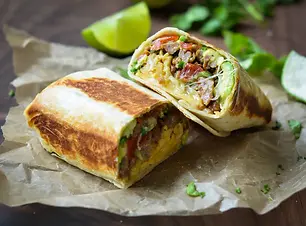 Breakfast Burritos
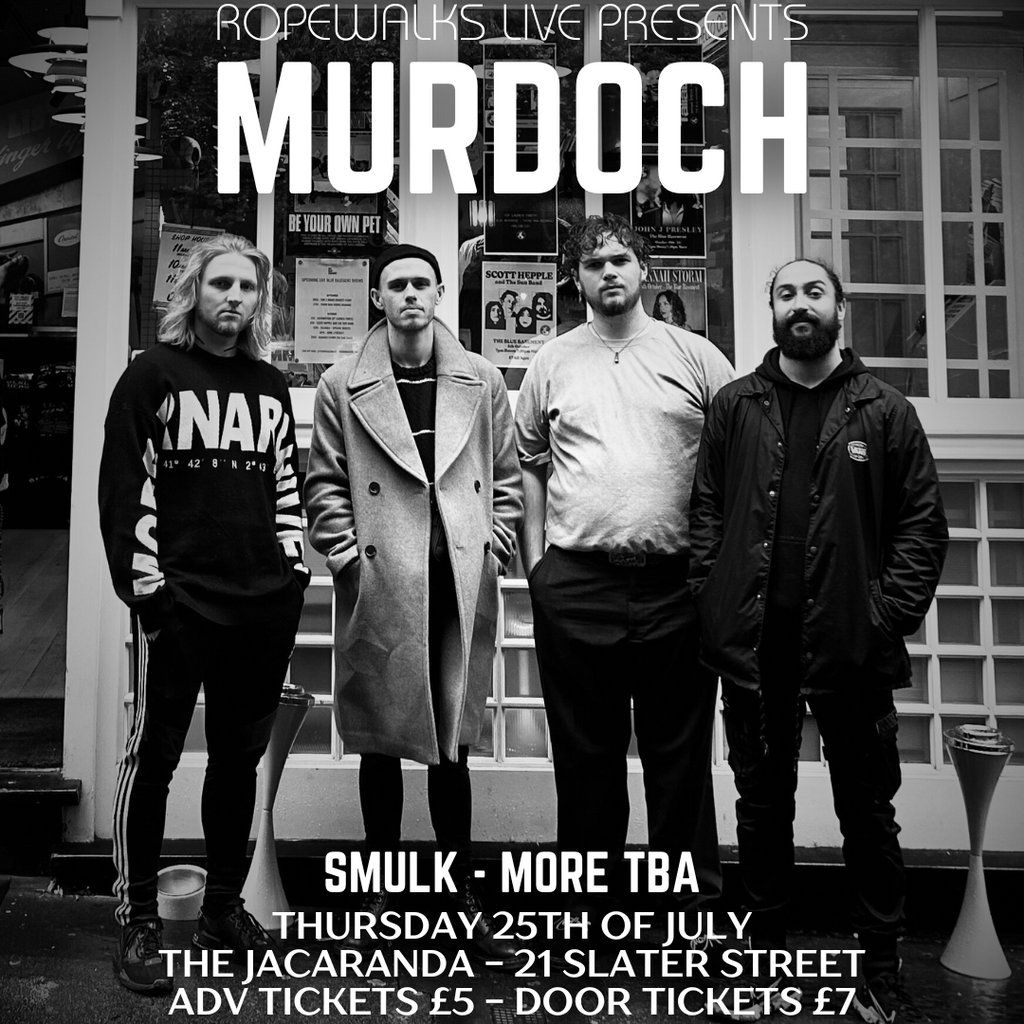 Murdoch With Special Guests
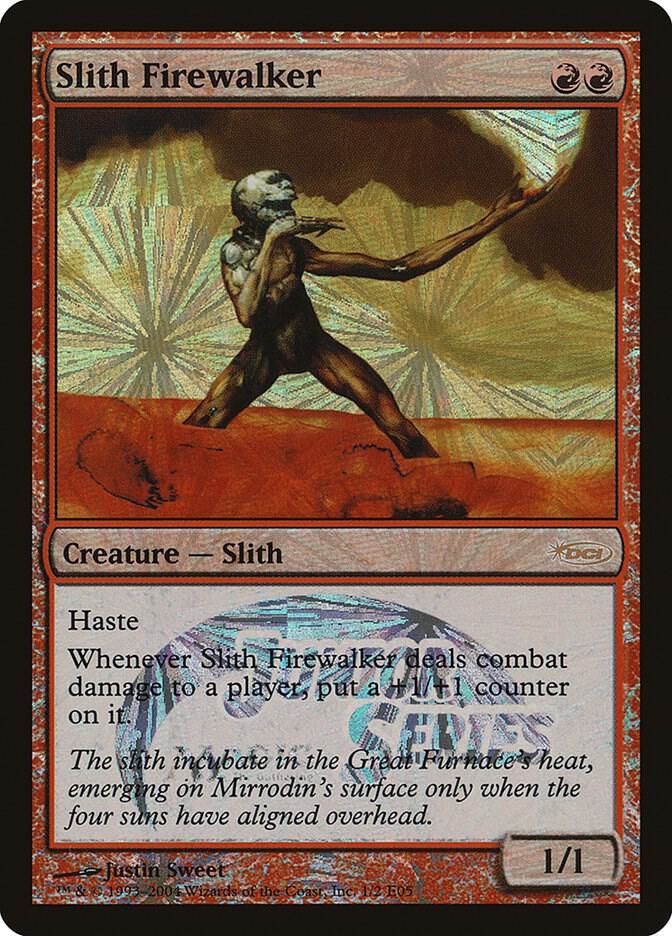 Slith Firewalker [Junior EU] 1E05/8 (Junior Series Promos)  - Foil | Good Games Adelaide SA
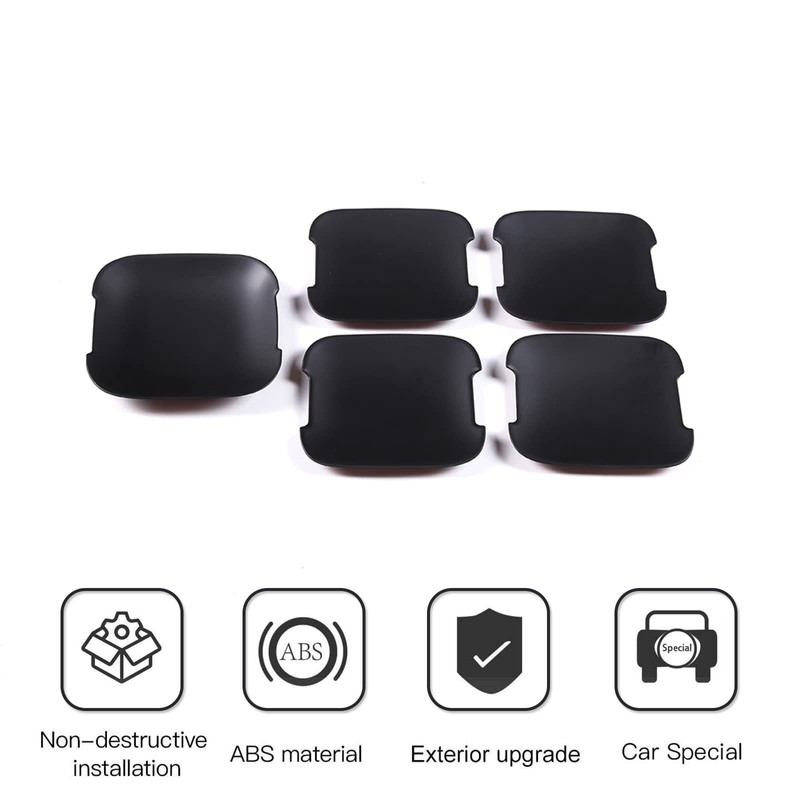 PIUGILH Car Door Handle Cup Cover Trim Replacement Compatible with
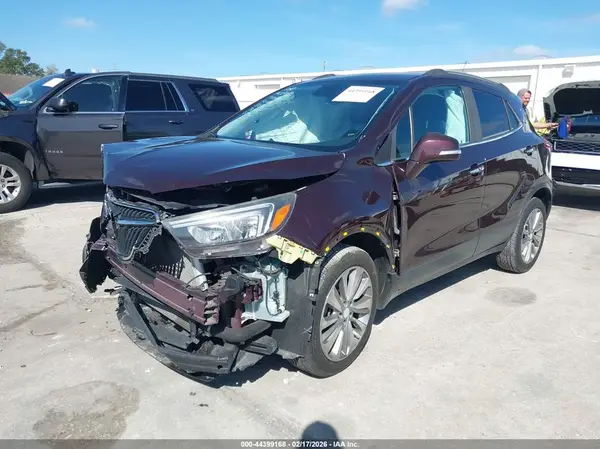 KL4CJASB6JB653401 2018 BUICK ENCORE - Image 2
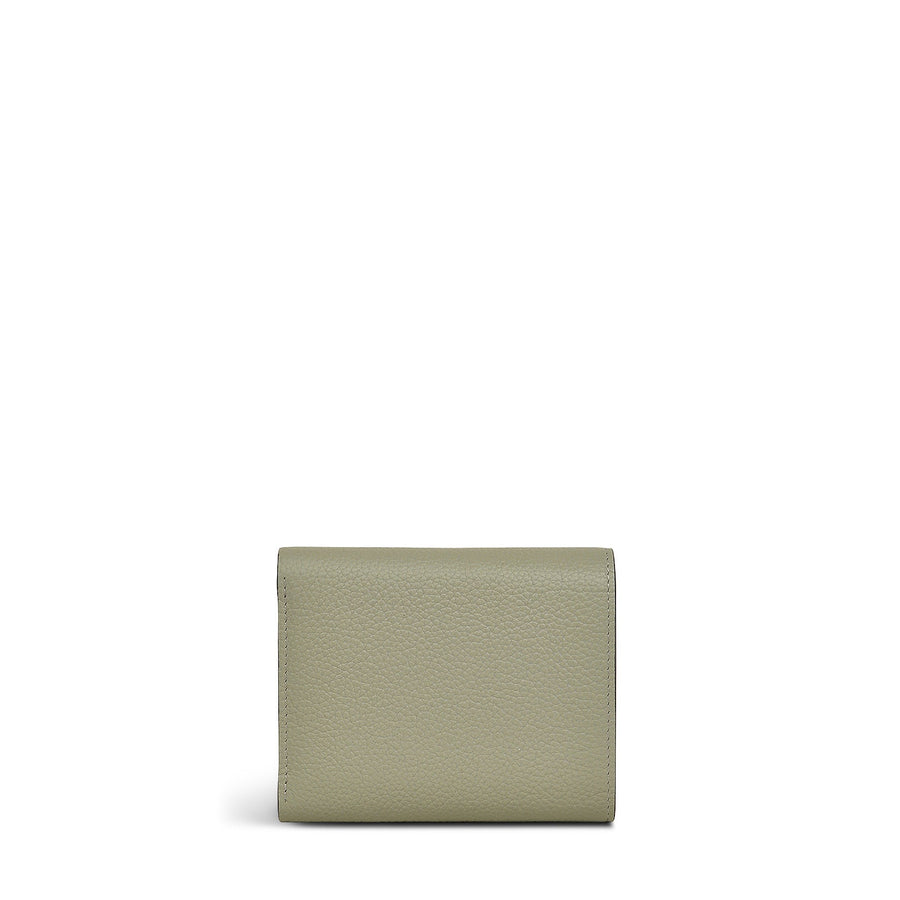 Radley Cookie Cutter - Protect Leather Small Flapover Wallet in Drizzle - 111784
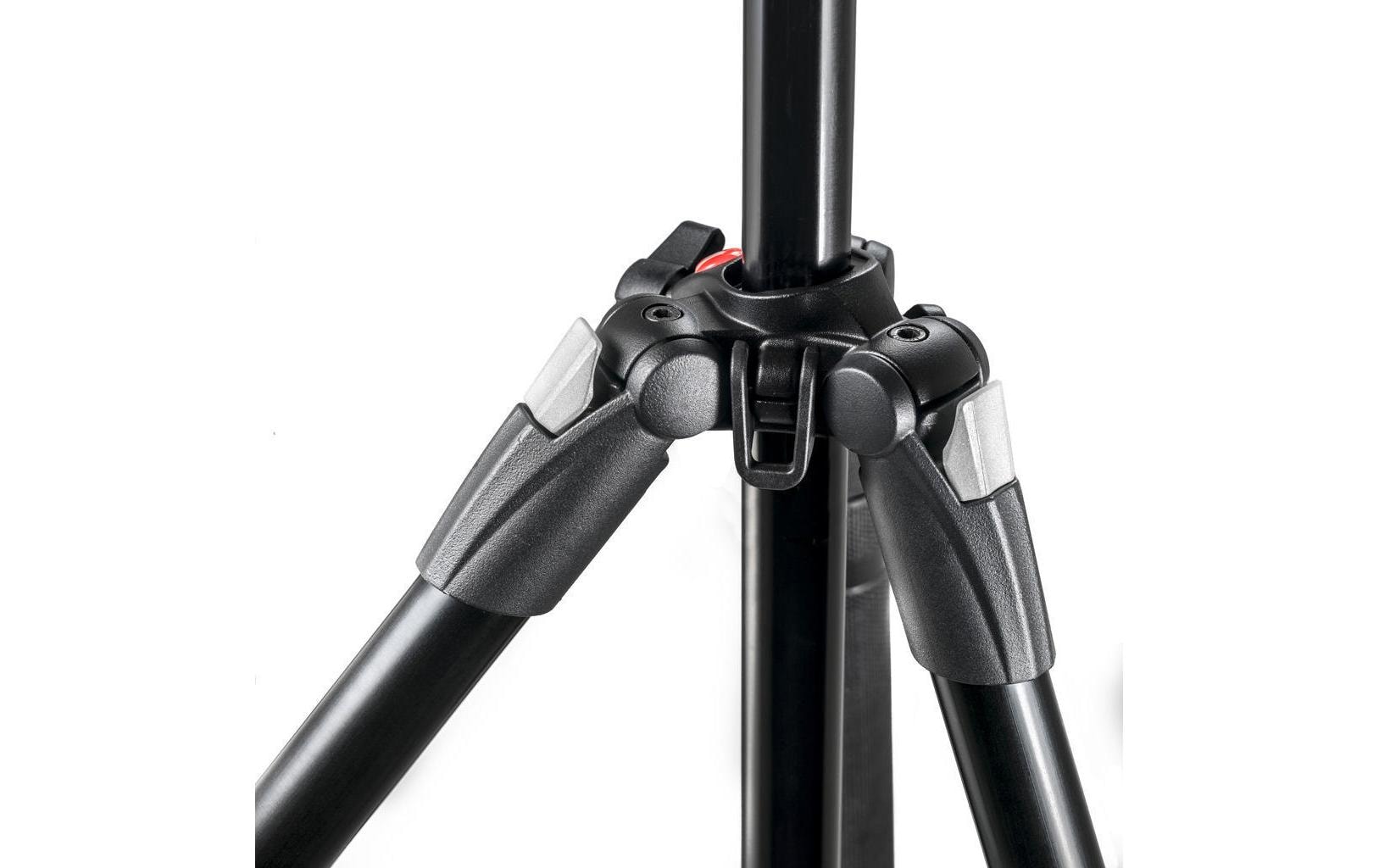 Stativ MK290XTA3-3W KitAlu-Stativ mit 3 Segmenten und 3-Wege-Neiger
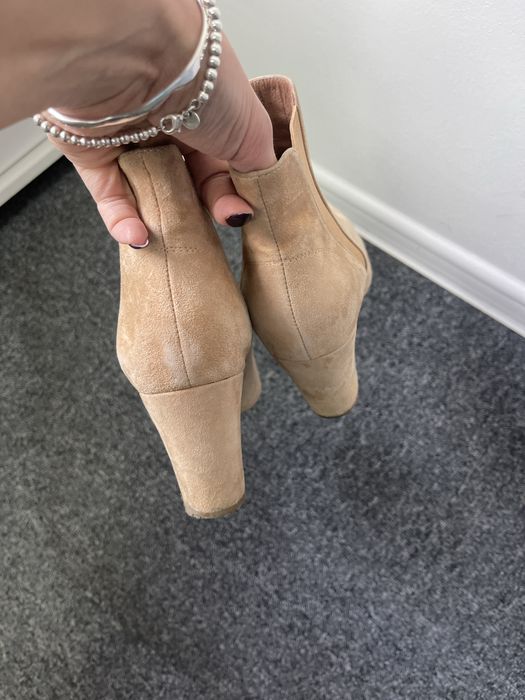 Сапожки осенние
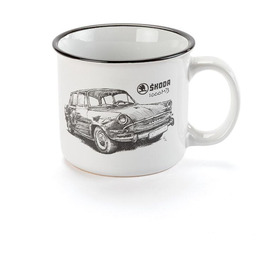 Decodoma Kubek ceramiczny ŠKODA 1000 MB 480 ml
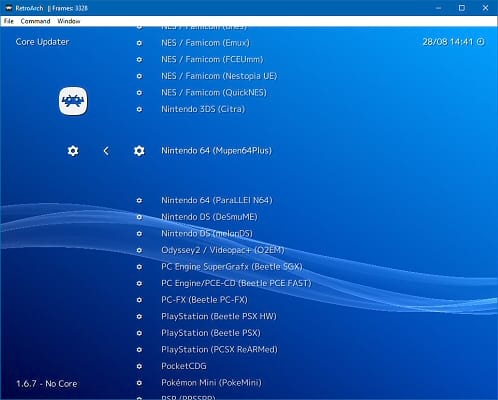 RetroArch 1.7.5 for Playstation (PSX) on Windows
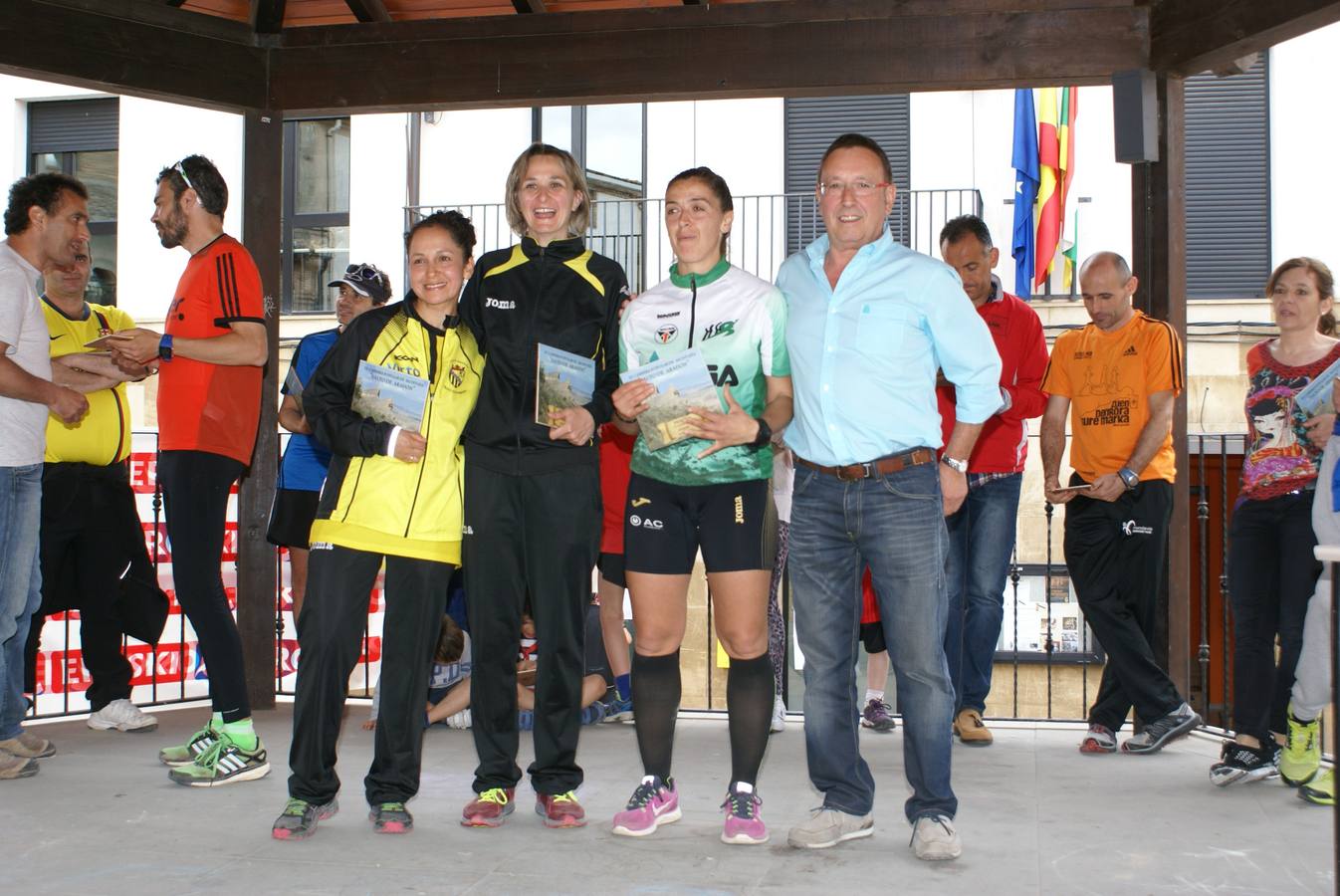 Novena edición de la carrera popular de montaña Salto de Aradón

^^^^

In the answer, the data should reappear exactly, with no pictures.

__RESULT FOR THIS TASK__
 Breakfast Burritos
 Murdoch With Special Guests
 Slith Firewalker [Junior EU] 1E05/8 (Junior Series Promos)  - Foil | Good Games Adelaide SA
 PIUGILH Car Door Handle Cup Cover Trim Replacement Compatible with
 KL4CJASB6JB653401 2018 BUICK ENCORE - Image 2
 Radley Cookie Cutter - Protect Leather Small Flapover Wallet in Drizzle - 111784
 Stativ MK290XTA3-3W KitAlu-Stativ mit 3 Segmenten und 3-Wege-Neiger
 Сапожки осенние
 Decodoma Kubek ceramiczny ŠKODA 1000 MB 480 ml
 RetroArch 1.7.5 for Playstation (PSX) on Windows
 Novena edición de la carrera popular de montaña Salto de Aradón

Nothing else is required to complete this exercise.